Let us assume that there are two people Alice and Bob. Alice borrows some money from Bob and Bob writes it on a piece of paper signed by Alice. After some days Alice denies the existence of such document and claims that Bob has forged that piece of paper. Bob would now find it difficult to prove that Alice actually owes him Money.
In this example Alice and Bob are two nodes.
Now assume the same scenario, but among a society. So there are ’k’ pair of people transacting with each other. And the only proof that each pair has, is that piece of paper. Looking at this scenario, one person, Kate comes up with a solution. She suggests maintaining a common notebook of transaction for entire society. She designates town hall to be the place where every exchange takes place. In the common notebook, every pair writes the transaction and then the notebook is kept safely. People rejoice and accept Kate as their leader.
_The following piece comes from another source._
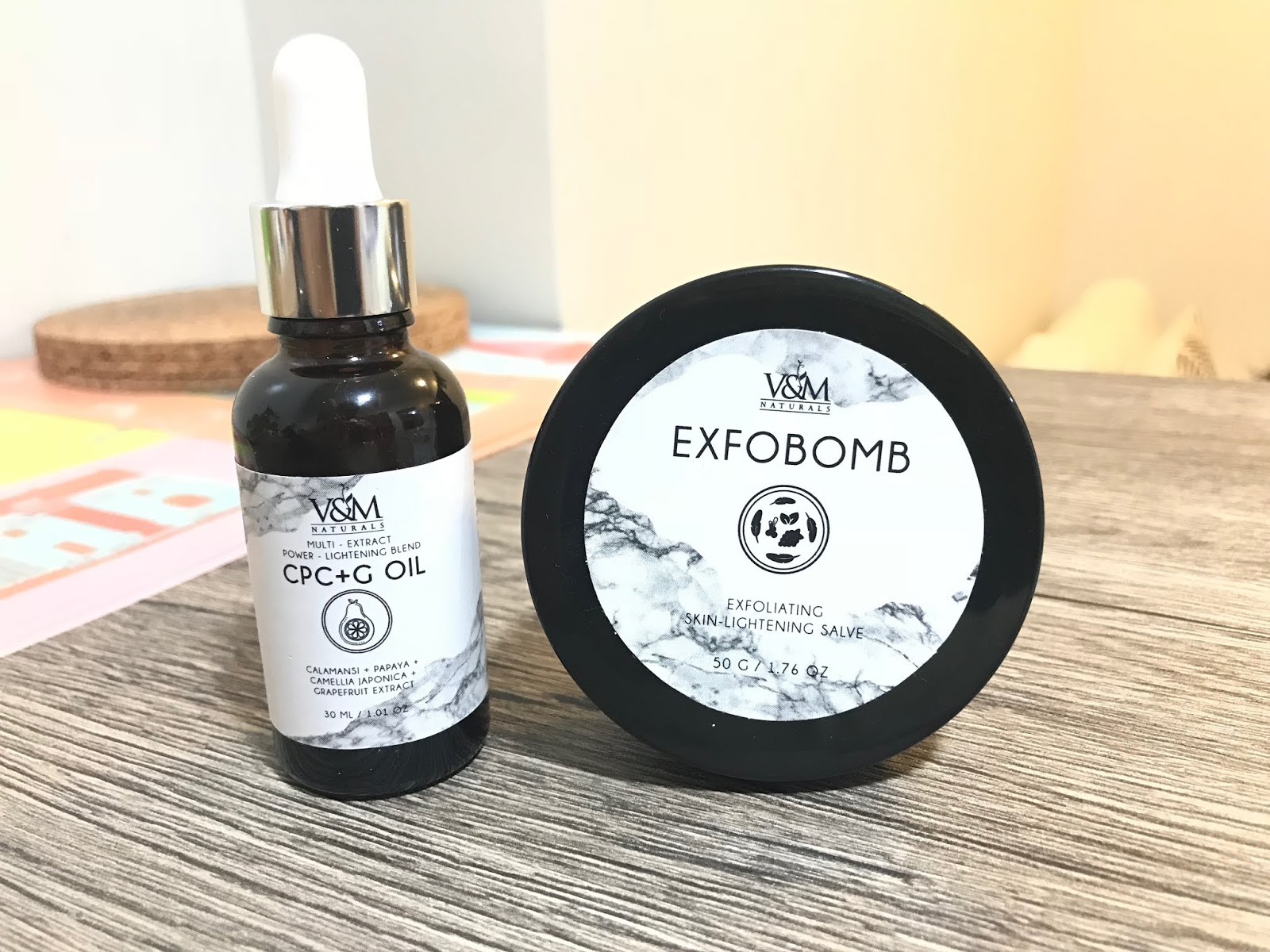 [Review] V&M Naturals ExfoBomb and CPC+G Oil for Underarm Whitening The Blahger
That notebook can be called a database.
But one day, somebody spills wine on the notebook. This makes the notebook illegible. Taking the advantage of this situation, Alice again denies taking money from Bob.
This is the problem databases face - single point of failure.
Irritated by this problem, Kate comes up with another solution. She suggests maintaining multiple notebooks. She chooses some trustworthy people from the society and gives them a notebook each. Now every time a transaction or exchange takes place between two people, Kate instructs some of those trustworthy people to mention the transaction in their notebooks. So the data is repeated in the notebooks. Now, even if one notebook is destroyed, chances are that all the data regarding transactions are still present in the combination of other notebooks.
This is a distributed database and multiple notebooks are the multiple nodes.
But next day, another problem arises. Kate has a friend named Bert who owes a lot of money to some people in the society. He asks Kate for help and she agrees to help him. She instructs all the people with the notebooks to remove the entries where Bert received money. Now Bert doesn’t owe any money based on the notebooks.
This is the problem with distributed databases - they are centralized. That means one single entity owns all the nodes/resources and can make changes as they deem fit.
When the people from the society come to know of it, they remove Kate from the leadership.
So, well. This is the easiest example I can think of to explain Blockchain. Blockchain is a decentralized, peer to peer, immutable storage network which is censor free and regulator free because of the absence of one single controlling entity. Every transaction that is written is voted upon by a majority of nodes and changing something which was written before in the chain is computationally very difficult.